Technically coal is also a closed loop of carbon because the CO2 once came from the atmosphere.
Which brings us to the problem: The CO2 shouldn't be in the atmosphere right now: If you burn wood today and the CO2 gets removed again by new plants within the next 100 years, that's still a problem.
Your point is absolutely correct and as far as I can tell you pointed it out genuinely, not facetiously.
Edit: read other later posts here: didn’t know about the bacteria part. Learned something today!
This is absolutely not my area of expertise but intuitively there are two categories of energy sources: one which releases co2 (or other climate change impacting gases) and one which doesn’t. Wood, oil, gas, coal falls into the former. It’s just a question of time as you say until the loop closes. Solar, wind, thermal, etc would fall into the latter as far as I can tell.
Most wood burning happens in more rural areas where people are harvesting the renewing resource on their own land, like fallen trees in winter. Many times, areas need to do controlled burns to prevent uncontrolled wild fires, and it's better to manage that burning for a purpose, useful heat, that lessens the heat needed from other energy sources that aren't renewable.
In California’s mountains (Sierra Nevada range and similar) people who want to burn wood legally have to use pellets. The stoves that burn them are meant to comply with pollution regulations. People kinda don’t like them but they use them.
Montevideo didn’t seem like a place where suburbanites were burning wood of any form, but I was there in the summer, just for a day.
Coal is not a renewable resource because bacteria and fungi evolved to decompose wood before it turns into coal. That's why almost all coal comes from (nomen omen) Carboniferous Period.

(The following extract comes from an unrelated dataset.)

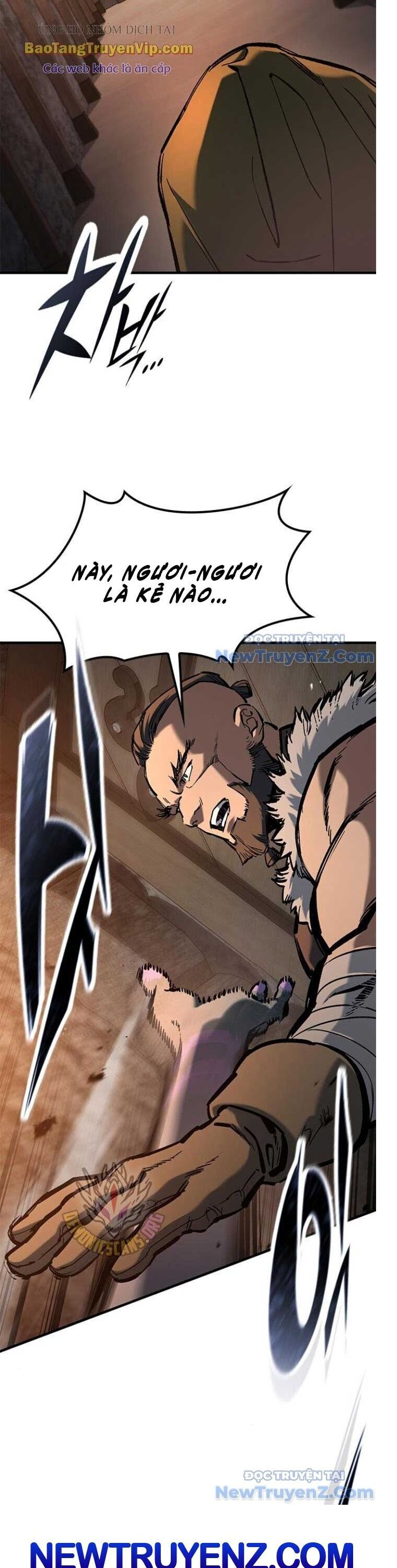 Hiệp Sĩ Sống Vì Ngày Hôm Nay Chap 60 - Next Chap 61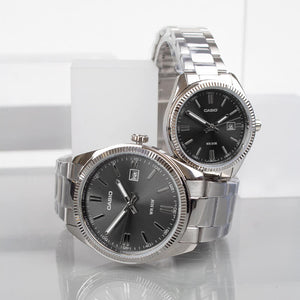 Reloj Análogo CasioMujer LTP-1302D-1A1V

That's kind of missing my point. I obviously know that coal is not renewable.
The point was: When you burn wood today the atmosphere isn't going to be like "oh, but that CO2 was absorbed out of the atmosphere during the last 100 years, so that CO2 shouldn't contribute to global warming".
As long as we haven't solved climate change any CO2 released into the atmosphere should be avoided. It's okay to burn wood that would have rotted anyway.

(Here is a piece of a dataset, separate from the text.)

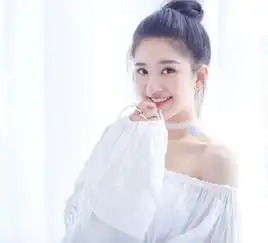 可盐可甜赵露思私藏氧气美肌好物大公开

But if you cut down a healthy forest, burn it and say "but it will be reabsorbed when the forst grows back, it's a closed loop" that's technically correct, but it still contributes to global warming because we now have additional CO2 in the atmosphere. Simply because it takes time for a forest to grow.
The closed loop argument is only really valid long term and when we've already solved climate change.

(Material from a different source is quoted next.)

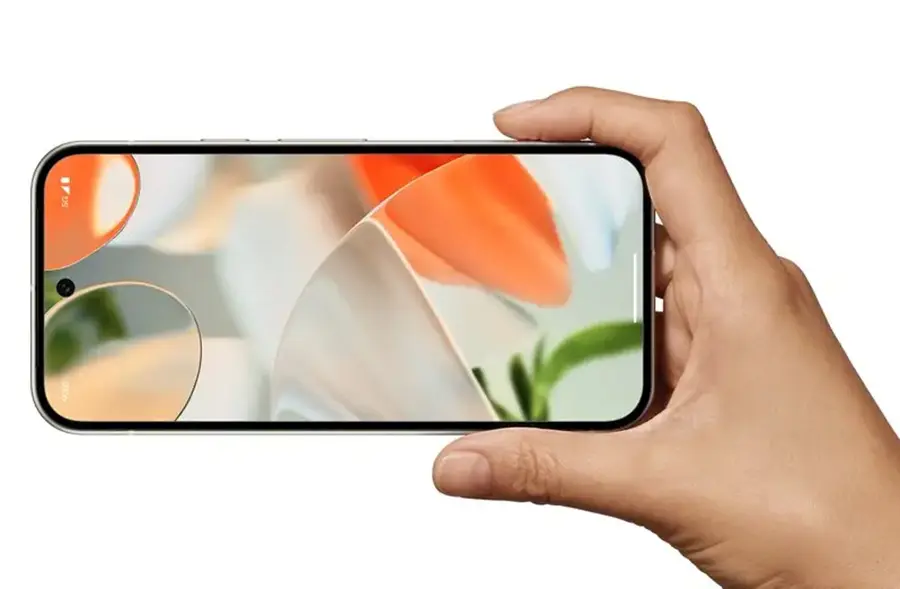Google Pixel 9 5G 12/128 GB Peony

Sure, but the CO2 from burning wood goes into the atmosphere right now. The CO2 from decomposing wood goes into the atmosphere over time, sometimes even over the span of years, depending on environmental conditions.
And, regardless, it's not like we only burn wood that's starting to decompose. Quite the contrary.
Coal is possibly a closed loop on a geologic scale, while trees are a closed loop on a human lifetime scale.
If a cut 100 acres, and burn it, replant it, I'm net neutral.
If I burn the same amount of coal, I don't have the 100 acres to plant.
Coal adds net carbon to our system on the timeline we care about.
Which brings us to the problem: The CO2 shouldn't be in the atmosphere right now: If you burn wood today and the CO2 gets removed again by new plants within the next 100 years, that's still a problem.